Thats the crime of it, that excision of beauty.
We make mistakes of nomenclature if we think love is just one thing and not, say, the way the light makes little furnaces of the rusted leaves when it streaks through the sky at an angle in late autumn afternoons. Bring me the person who says love is just that spark of romantic desire between human beings and I will show them Maxwells equations describing electromagnetism or the weight of grief at a funeral. We could also look, and I mean really look, at the face of a baby as it recognises you on a second visit, and study the dive of a peregrine falcon as it tucks its wings into the body and rockets to the ground.
Falcons used to do this on the cattle station where I grew up, hurtling through space until they aborted at the last moment.

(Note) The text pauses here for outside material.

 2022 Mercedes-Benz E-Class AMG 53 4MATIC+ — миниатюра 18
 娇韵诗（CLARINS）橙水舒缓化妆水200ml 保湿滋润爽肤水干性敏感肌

Mum hated how they did this because they landed next to the large cages where she housed her budgerigars and this death-tilt upset the other birds; theres no denying there was a certain chaos that filled the air afterwards, but I always found it beautiful. For any of us to make an object that aerodynamic wed need formulas and a long testing tunnel, like aerospace and motorcar companies use, but falcons simply evolved that way.
So, yes, add the theory of evolution to the list of love and its humble merchants. Any system that takes tens of thousands and millions of years to form the wing can only be truly appreciated through the prism of love. Think of it this way: love is the common ancestor of beauty and the sublime. It is the first entry in the tree of our own existence because, without it, there isnt any life at all.